The 27-track compendium contains country music, to be sure, but also folk, gospel, rap, pop and even some Italian opera – and it celebrates Bey’s desire to span beyond any labels or limits. (She even spelled it out in a rare caption on her Instagram ahead of the album drop, writing that “Carter” “ain’t a Country album. This is a ‘Beyoncé’ album.”) The resulting collection is musically rich, lyrically creative and distinctly Beyoncé.

In “Cowboy Carter’s” most hip-hop-heavy song “Spaghettii,” which is introduced by Black country trailblazer Linda Martell, Beyoncé raps near the top of the track, “At the snap of my fingers, I’m Thanos” – a direct callout of the peak Marvel Cinematic Universe villain who snapped his fingers and caused half the universe to turn to dust.

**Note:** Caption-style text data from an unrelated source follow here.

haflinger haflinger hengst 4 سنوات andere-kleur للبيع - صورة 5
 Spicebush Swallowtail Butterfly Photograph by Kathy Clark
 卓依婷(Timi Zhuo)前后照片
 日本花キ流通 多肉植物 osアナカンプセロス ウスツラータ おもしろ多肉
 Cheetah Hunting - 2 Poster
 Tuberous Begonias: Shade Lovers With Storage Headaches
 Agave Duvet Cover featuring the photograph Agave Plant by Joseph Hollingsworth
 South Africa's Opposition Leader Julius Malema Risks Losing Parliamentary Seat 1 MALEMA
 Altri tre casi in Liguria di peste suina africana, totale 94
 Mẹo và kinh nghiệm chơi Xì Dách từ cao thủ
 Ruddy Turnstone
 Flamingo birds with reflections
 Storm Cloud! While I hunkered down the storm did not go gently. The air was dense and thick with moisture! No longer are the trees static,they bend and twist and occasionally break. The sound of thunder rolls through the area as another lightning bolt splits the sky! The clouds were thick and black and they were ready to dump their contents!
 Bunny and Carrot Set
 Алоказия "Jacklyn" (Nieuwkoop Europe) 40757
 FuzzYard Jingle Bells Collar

“Spaghettii” is Beyoncé in one of her most unrestrained moments on the new record, bringing out a rougher side as she raps brazenly on an album most thought would be exclusively “country” (which itself is a changing blanket term) mixed in among the more introspective “Daughter” and beautiful, pointed ballad “Alligator Tears.”

The song, which additionally features Shaboozey, also contains one of “Act II’s” several references to Beyoncé’s previous album “Renaissance” – which is now considered her “Act I” in this new era – when Shaboozey utters also near the top, “That Beyoncé Virgo s–t,” a nod to “Virgo’s Groove” on that hit 2022 record.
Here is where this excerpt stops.